# 22C:122/55:132 Notes, Lecture 41, Spring 2001

Douglas W. Jones
University of Iowa Department of Computer Science

1. All mention of O(log N) has been incorrect

Up to this point, we have ignored geometric constraints on the construction of computer systems. If we pay attention to gemometry, constraining our systems to be built in a 3-dimensional physical universe instead of the unconstrained universe of the logician, we face a problem!

We can't fabricate 3-dimensional chips. Our silicon technology is inherently 2-dimensional. We can stack chips to a very shallow depth to make thin 3-dimensional structures, but thermal considerations limit this.

If you think of large-scale systems, where each system consists of motherboard with daughterboards and so on, the geometry is 3-dimensional on a local scale, but on a larger scale, a 2-dimensional constraint emerges again. Consider trying to fill a room with computers. If you pack them in 3-dimensions, the ones near the middle will overheat. You must stack them in a single wall, with cooling air flowing in from one side and out the other side.

On a huge scale, you can imagine building a sphere of computers around a star. The inner surface would be lined with solar cells, the outer surface with thermal radiators. The thickness of the shell would be limited by the thermal properties of the system, and again, the astronomically large supercomputer is a 2-dimensional structure.

Therefore, on a large scale, all computer systems are ultimately constrained to O(sqrt(N)) communications delays, unless we can build faster-than-light data communications systems.

2. Geometry is a big problem

We assumed that we could clock all the registers in a system simultaneously.

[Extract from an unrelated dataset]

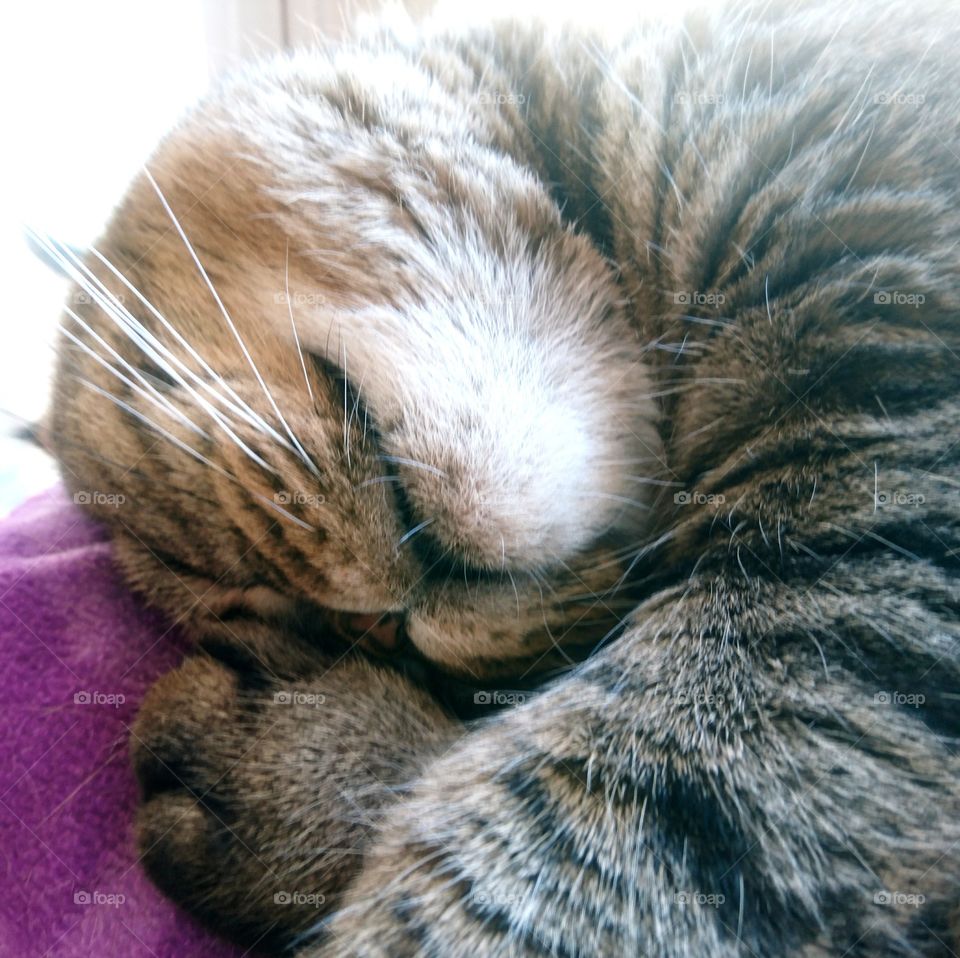 my beloved lovely cat is sleeping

In fact, this is difficult! The simple clock distribution schemes send clock pulses out that ripple away from the origin at speeds ranging from 1/3 the speed of light to 1/10 the speed of light -- not the speed of light! Practical signal speeds are from about 1 inch per nanosecond to 4 inches per nanosecond.

Why not the speed of light? Because signals are slowed by the transmission line characteristics of the conductor they travel down. Free low-energy photons in a vacuum travel at the speed of light. An electric signal on an infinitely long straight conductor with all other conductors infinitely far away will also travel at the speed of light. Nearby conductors slow electrical signals, matter slows light.

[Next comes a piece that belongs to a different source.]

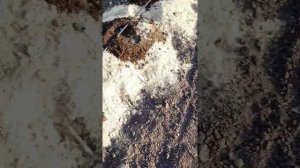 Монтаж Капельного полива для Голубики своими руками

Specifically, signals in metal traces on the surface of an integrated circuit travel at about 1/3 the speed of light, and signals in silicon traces inside the body of the circuit travel much slower. If we run half the signals on the surface in one direction and half the signals inside the body in a perpendicular direction, we would be tempted to design long narrow circuits so that the edge to edge speeds would be matched in the two directions. This would be awkward, so we typically arrange signals to alternate from surface to body of chip.

At 1 GHz, the net result is that each clock cycle on a 1 inch is delayed almost half a cycle by the time it reaches the opposite edge from the transmitter. There is a geometric trick that can minimize this problem, a clock distribution tree:

```                 -o-   -o-
|     |
o--o--o
|  |  |
-o- | -o-
In ----------o
-o- | -o-
|  |  |
o--o--o
|     |
-o-   -o-
```
Many modern chips use this geometry to minimize the difference in path length to various parts of the chip.